At the time of Prof. Trandafir's study, the chief difference between registered partnerships and marriage was that the former could be dissolved at the civil registry by mutual agreement. In a 2012 West Virginia Law Review article, Mercer School of Law professor Scott Titshaw shows that the political compromises provoked by the initial refusals to extend full marriage rights to same-sex couples result in a proliferation of civil union alternatives. Prof. Titshaw agrees with Prof. Trandafir that different-sex couples increasingly find the new marriage alternatives attractive; in effect, refusing to give full legal recognition to same-sex couples ends up diminishing the status and benefits associated with conventional marriage for everyone. Ironically, conservatives by opposing the extension of full marriage rights to gay people have ended up weakening the institution they sought to protect.
The Divorce Rate
Sweden legalized same-sex civil unions in 1995 and gay marriage in 2009. A 2011 demographic study from researchers at the University of Stockholm reports that since 1999, after decades of falling, both the marriage rate and the fertility rate have trended upward and the divorce rate is down.

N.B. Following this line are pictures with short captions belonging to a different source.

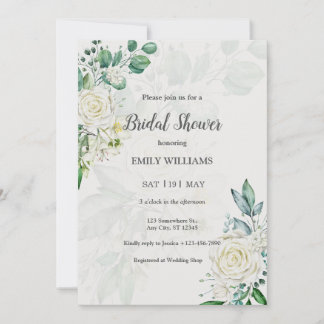 Elegant White Roses Watercolor Bridal Shower Invitation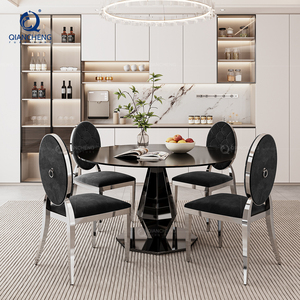 Bàn ăn nhà hàng hiện đại bằng thép không gỉ, bàn tiệc sự kiện, cho thuê đồ nội thất, mặt bàn kính tròn, bàn tiệc cưới, khách sạn, tiệc tùng - Product Image 2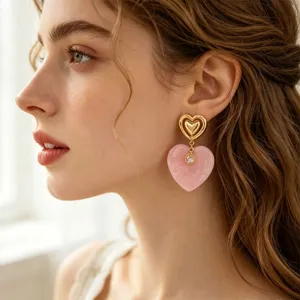 Chic French style double heart dangle earrings with pink resin and gold metal for women chic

Massachusetts was the first state to legalize same-sex marriage in 2004. In 2003, the divorce rate in Massachusetts was 2.5 per 1,000 residents, and it fell to 1.9 by 2009. The Massachusetts marriage rate jumped 15 percent in 2004, as many same-sex couples chose to get married, but since has remained stable. Interestingly, the states that permit same-sex marriage tend to have lower divorce rates than those that ban same-sex marriage.
A 2004 study of registered partnerships in Sweden reported that gay male couples were 50 percent more likely to divorce than were heterosexual couples. Lesbian couples were nearly three times more likely to divorce than were heterosexual couples.
But how salient are higher divorce rates among gays and lesbians for making public policy? Consider that a 2008 study in the journal Family Relations by Rice University sociologist Jenifer Bratter found that in the U.S. black-husband/white-wife marriages were twice as likely to end in divorce as white/white couples, and Asian-husband/white-wife couples were 59percent more likely. Yet few would argue that interracial marriages should be prohibited because their children are at substantially greater risk of experiencing the social, psychological, and economic disadvantages stemming from a higher interracial divorce rate.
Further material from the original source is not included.